A few days ago I finally got fed up with spam, so I decided to install a spam filter on my server. After reading around a bit, I settled on Spambayes, which (apart from being written in Python) looks a very solid and well maintained project.
I don't use Outlook (I run Linux both on my server and on my desktops), so using Spambayes Outlook plugin was not an option. Since I'm using Maildir as the storage format for both SMTP and IMAP, I initially tried the Spambayes IMAP filter. Unfortunately, the filter is still in its early stage of development, and the IMAP protocol varies significantly among different server implementations. The main problems I had with the IMAP filter were its marking all new messages as read after processing (this is apparently due to my IMAP server lack of support for an obscure IMAP command), and its frequent crashes.
So after a few hours of monitoring the IMAP filter's activity, I decided to change my approach. Reading around a bit, I discovered that the venerable procmail (which I used a lot until five or six years ago) now natively supports Maildirs.
A .qmail forward file, a .procmailrc recipe and a cron job later, I had a flawless Spambayes setup. In the past 3 days, Spambayes has worked admirably with minimal training, intercepting 99% of all spam and generating zero false positives. Definitely recommended.

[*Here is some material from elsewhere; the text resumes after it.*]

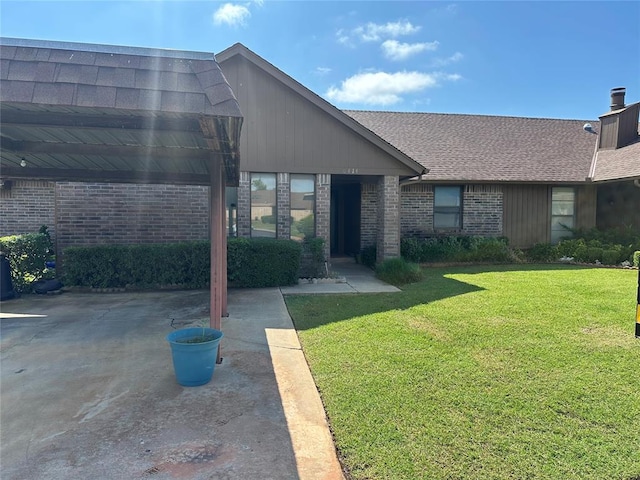 6414 Galaxie Ter, Oklahoma City, OK 73132 - entrance to property featuring brick siding, a yard, roof with shingles, and a chimney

My .qmail file simply passes everything along to procmail for delivery:
| preline /usr/bin/procmail
My .procmailrc recipe looks like this:
PATH=$HOME/bin:/usr/bin:/bin:/usr/local/bin:.
MAILDIR=$HOME/Maildir
DEFAULT=$MAILDIR/
LOGFILE=$HOME/procmail.log
LOCKFILE=$HOME/.lockmail
:0 fw
| /usr/bin/sb_filter.py
:0
* ^X-SpamBayes-Classification: spam
.INBOX.spambayes.spam/
:0
* ^X-SpamBayes-Classification: unsure
.INBOX.spambayes.unsure/
Notice how the trailing slash in the DEFAULT delivery identifies a Maildir storage. The rest is pretty self-explanatory, apart maybe from the folder namespace, which is the one used by default by my IMAP server:
- the first directive instructs procmail to feed the message to sb_filter.py
- sb_filter processes the message and adds the X-SpamBayes-Classification header with two values, the first one marking the message as either spam/ham/unsure, the second one displaying the exact numeric spam rating (from 0 to 1)

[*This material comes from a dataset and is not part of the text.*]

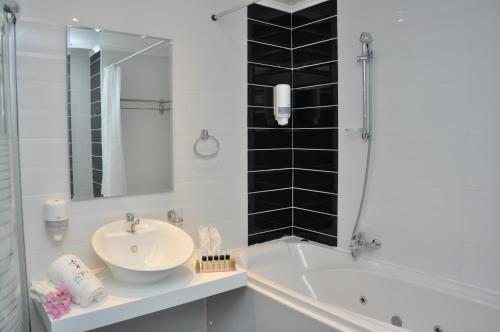 a white bathroom with a sink and a bath tub at Zorbas Beach Hotel in Tigaki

- the second and third directives match the header on its first value for spam and unsure, and deliver the message to the appropriate Maildir
- if a message is not matched by the second or third directive, it "falls off" the chain and gets delivered to DEFAULT, which in this case is my inbox
To train the filter, I run a cron job every half hour that looks into two Maildir folders for spam and ham messages (the following lines are ofc a single crontab line):
0,30 * * * * /usr/bin/sb_mboxtrain.py -d /home/ludo/.spambayes_hammie.db
-g /home/ludo/Maildir/.INBOX.spambayes.train_ham/
-s /home/ludo/Maildir/.INBOX.spambayes.train_spam/
-n >/dev/null 2>&1
Meaning, every half hour cron runs sb_mboxtrain, instructing it to use the .spambayes_hammie.db (previously created with sb_filter.py -n), and to fetch ham messages from the .INBOX.spambayes.train_ham Maildir, and spam messages from the .INBOX.spambayes.train_spam Maildir.
The Maildir directories where spam/unsure messages get delivered, and where you deposit messages to train SpamBayes, can be created either from your mail client or with the command-line utility maildirmake, provided with qmail and courier.
The last piece of information you need before running this setup, is a .spambayesrc file in your home directory. Mine contains the following lines:
[Storage]
persistent_use_database = True
persistent_storage_file = ~/.spambayes_hammie.db
That's all, efficient and reliable spam protection in 5 minutes or so.